Gamete quality in a multistressor environment

Highlights

• State of knowledge on environmental stressors impact on gamete quality.

• Xenobiotics, plastics, climate change, air pollution and lifestyle are reviewed.

• Gamete quality parameters underling fertilization competence are susceptible to stressors.

• Environmental stressors represent a serious hazard to gamete quality.

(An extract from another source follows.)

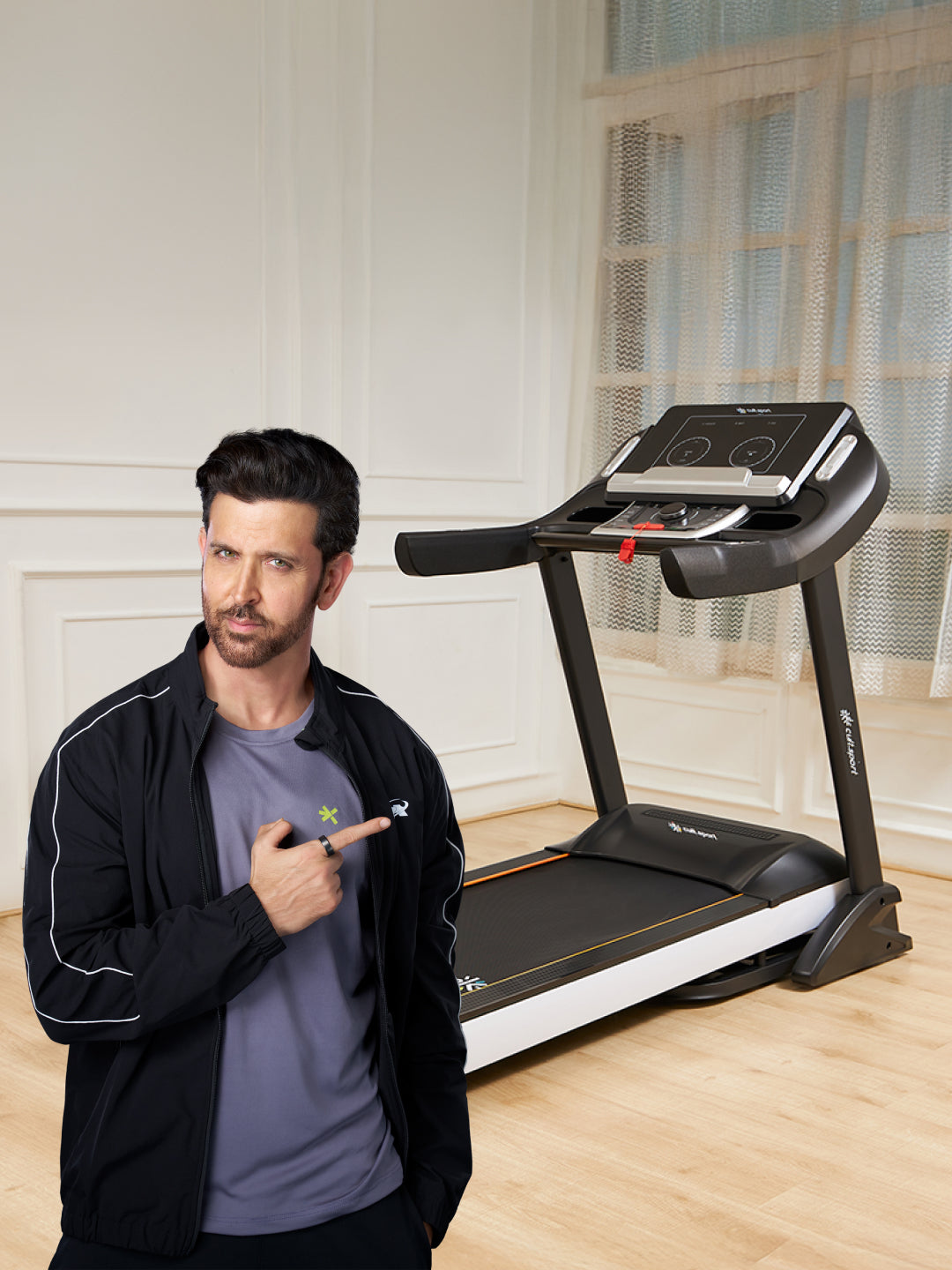 Smartrun Dallas 7 HP Peak Treadmill | 15-level Auto-Incline | Max Weight-150kg | Max Speed-20kmph (with 6 Months Extended Warranty)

• Gamete quality impairment may reduce reproductive success affecting specie fitness and survival.

Abstract

Over the past few decades, accumulated evidence confirms that the global environment conditions are changing rapidly. Urban industrialization, agriculture and globalization have generated water, air and soil pollution, giving rise to an environment with a growing number of stress factors, which has a serious impact on the fitness, reproduction and survival of living organisms. The issue raises considerable concern on biodiversity conservation, which is now at risk: it is estimated that a number of species will be extinct in the near future. Sexual reproduction is the process that allows the formation of a new individual and is underpinned by gamete quality defined as the ability of spermatozoa and oocytes to interact during fertilization leading to the creation and development of a normal embryo.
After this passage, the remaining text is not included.